But they do serve as a transition from the first act to the second act, in which we learn that Pericles, upon discovering that Thaliard came full-bent with sin to murder him, decides that Tarsus is not the best for him to make his rest and puts forth to seas where men have seldom ease, ’til Fortune, tired of doing bad, throws him ashore to make him glad. I’m just lightly paraphrasing, lightly paraphrasing.

Upon what shore is Pericles thrown? Upon the shore of Pentapolis, which means “a group of five cities.” He is greeted on the shore by fishermen, who mock him mercilessly. He begs for help, but the fishermen laugh at him, until he talks about how he is a “man throng’d up with cold,” by which he means that he is assaulted by the cold as if the cold were a mob [II:i], which activates the altruistic social instinct of the First Fisherman, who proclaims:

I have a gown here;
come, put it on; keep thee warm. Now, afore me, a
handsome fellow! Come, thou shalt go home, and
we’ll have flesh for holidays, fish for
fasting-days, and moreo’er puddings and flap-jacks,
and thou shalt be welcome
[II:i].

So, notice that the First Fisherman has a suddenly inhuman and inhumanly sudden change of mind and change of heart, a burst of metanoia. The First Fisherman moves from callousness toward outsiders and malicious mockery to the warm embracement of the Tyrian Pericles. Now, Pericles will, apparently, become an artificial appendage of the First Fisherman’s family and can look forward to repasts of puddings and flap-jacks. This is one of the many squirmy, wince-inducing, improbable metanoias that pock the entire text of the play.

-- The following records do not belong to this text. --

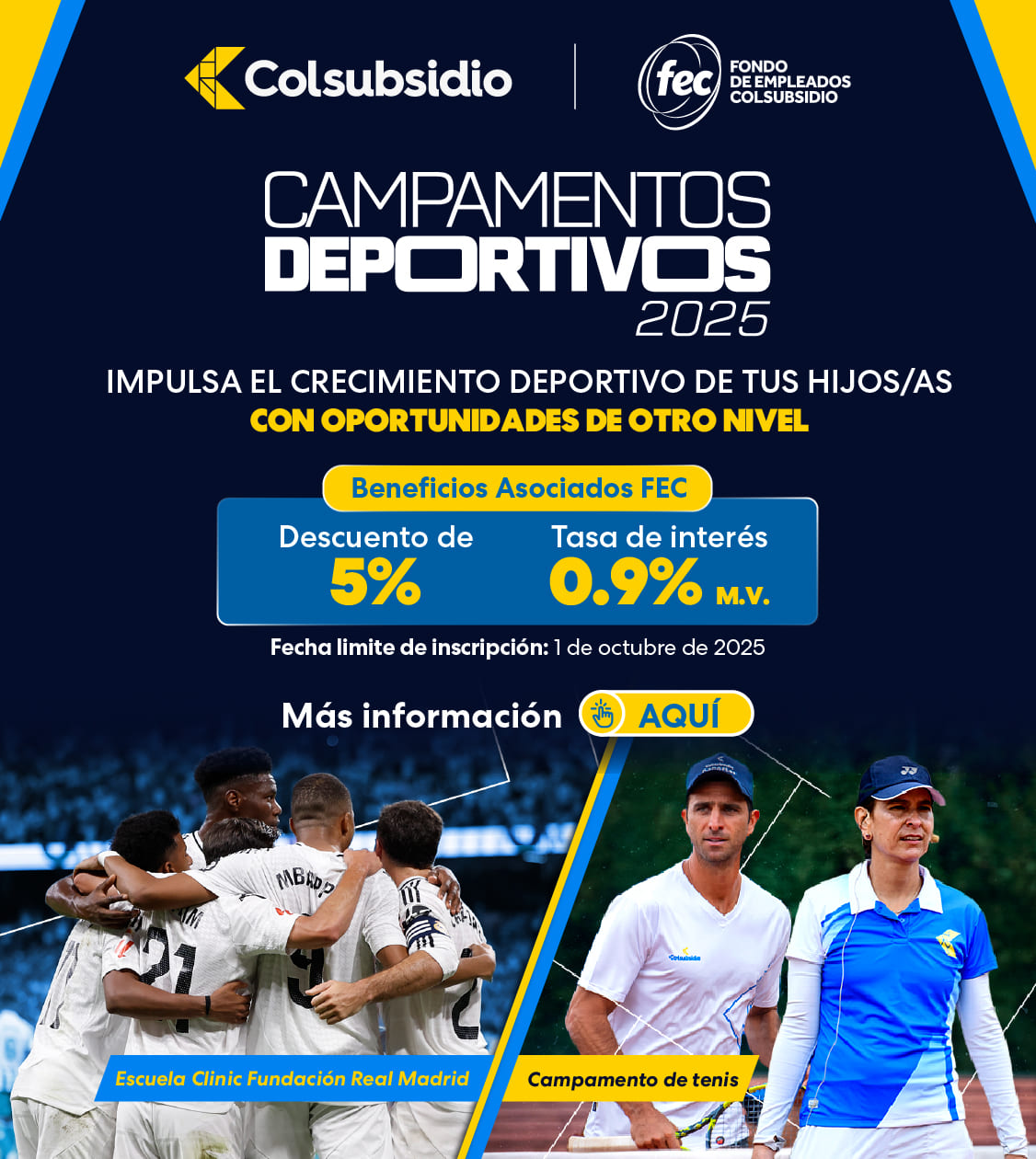 Campamentos Deportivos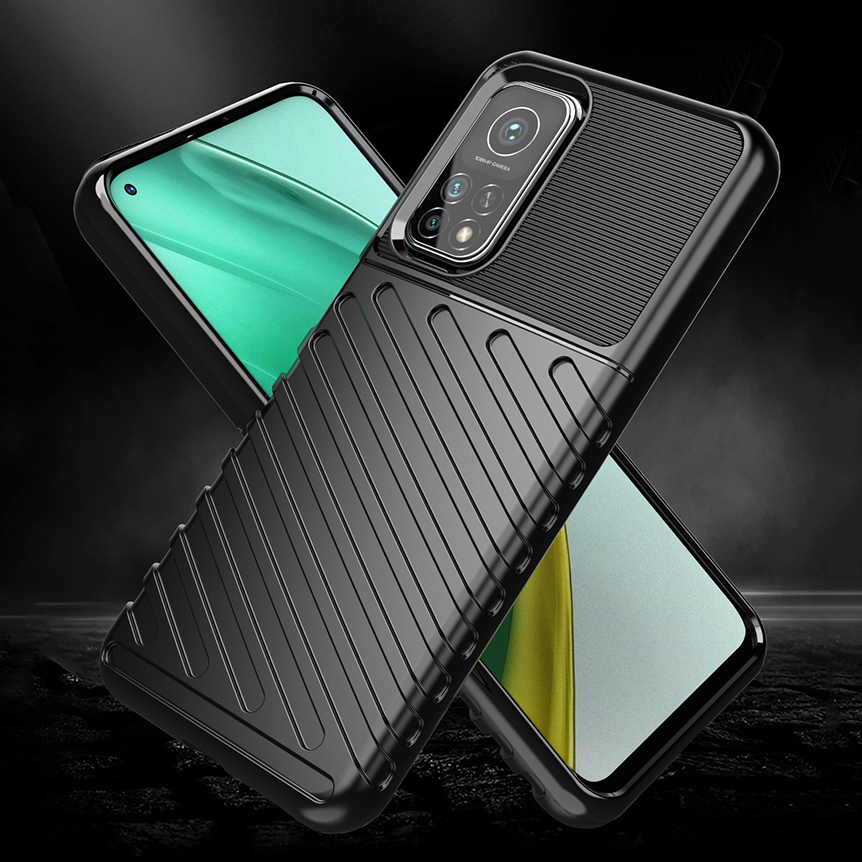 Bakeey-for-Xiaomi-Mi-10T--Mi-10T-Pro-Case-Anti-Slip-Anti-Scratch-Shockproof-Soft-Silicone-Protective-1781788-5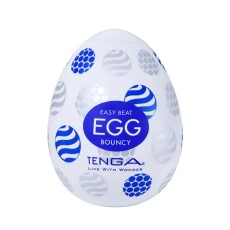 Мастурбатор-яйцо Tenga Egg Bouncy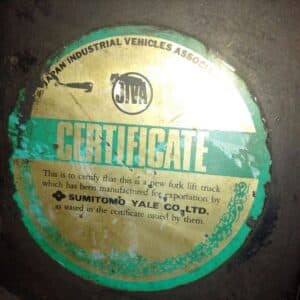 Manipulateur de forgeage Sumitomo Yale 1/5 - 1 tonne (Photo 10)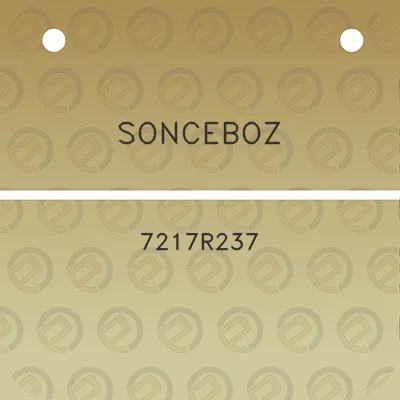 sonceboz-7217r237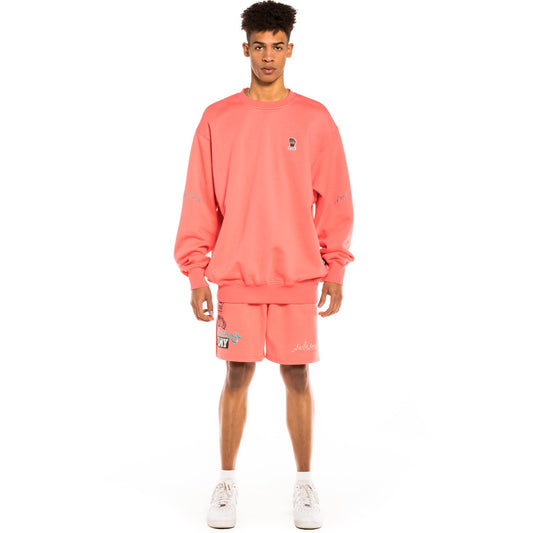 Sudadera Grimey "Day Dreamer" Crewneck - Coral | Spring 22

It strikes me now that Pericles, who moves from one synthetic family to another, is desperately trying to find the Father. He tried to find the Father in Antiochus and fails. He tries to find the Father in the First Fisherman. He will finally find the Father in Simonides.

The crane descends again and snatches up Pericles. Pericles will soon, beyond comprehension, plausibility, and probability, be welcome by the King Simonides and will marry his only daughter, Thaisa.

Simonides is the benevolent authoritarian father; Antiochus is the “sinful” totalitarian father.

However, Simonides pretends to be the Absolute No-Father that Antiochus is. Let us remember that Antiochus is the father who always says, “No,” much like the No-God of Karl Barth, the God Who Forever Says, “No.”

Just as Simonides is the replacement of Antiochus, Thaisa is the replacement of Antiochus’ daughter.

The drama that will unfold among Pericles, Simonides, and Thaisa is an ironic repetition of the drama among Pericles, Antiochus, and Antiochus’ daughter at the beginning of the play. Things turn out much better the second time around for all parties involved.

Notice that, in his asides, Simonides confesses to the audience that he wants Pericles to marry his daughter “with all [his] heart” [II:v]. However, he gives a show of resistance and demands “subjection” [Ibid.]. It is a display of refusal, it is pure theatre. In Shakespearean philosophy, all of human existence is the dramatization of roles, even in the intimate sphere of the family. The totalitarian-seeming father Simonides should be distinguished from the actual totalitarian father Antiochus.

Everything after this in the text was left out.